'''

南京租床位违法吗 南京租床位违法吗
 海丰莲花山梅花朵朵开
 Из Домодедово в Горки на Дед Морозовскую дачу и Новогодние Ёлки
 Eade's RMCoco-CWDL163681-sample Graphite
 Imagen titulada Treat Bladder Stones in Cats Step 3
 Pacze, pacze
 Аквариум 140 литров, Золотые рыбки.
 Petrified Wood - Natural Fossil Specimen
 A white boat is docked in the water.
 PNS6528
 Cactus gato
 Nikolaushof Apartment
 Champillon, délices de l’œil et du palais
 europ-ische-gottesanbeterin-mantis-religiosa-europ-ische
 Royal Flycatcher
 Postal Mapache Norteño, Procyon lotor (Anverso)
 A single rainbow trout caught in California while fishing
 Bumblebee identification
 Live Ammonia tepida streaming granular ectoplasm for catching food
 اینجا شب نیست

'''

● Instructions for the task:
Copy out the full listing above. Keep every word as it is.

● Result of this task:
南京租床位违法吗 南京租床位违法吗
 海丰莲花山梅花朵朵开
 Из Домодедово в Горки на Дед Морозовскую дачу и Новогодние Ёлки
 Eade's RMCoco-CWDL163681-sample Graphite
 Imagen titulada Treat Bladder Stones in Cats Step 3
 Pacze, pacze
 Аквариум 140 литров, Золотые рыбки.
 Petrified Wood - Natural Fossil Specimen
 A white boat is docked in the water.
 PNS6528
 Cactus gato
 Nikolaushof Apartment
 Champillon, délices de l’œil et du palais
 europ-ische-gottesanbeterin-mantis-religiosa-europ-ische
 Royal Flycatcher
 Postal Mapache Norteño, Procyon lotor (Anverso)
 A single rainbow trout caught in California while fishing
 Bumblebee identification
 Live Ammonia tepida streaming granular ectoplasm for catching food
 اینجا شب نیست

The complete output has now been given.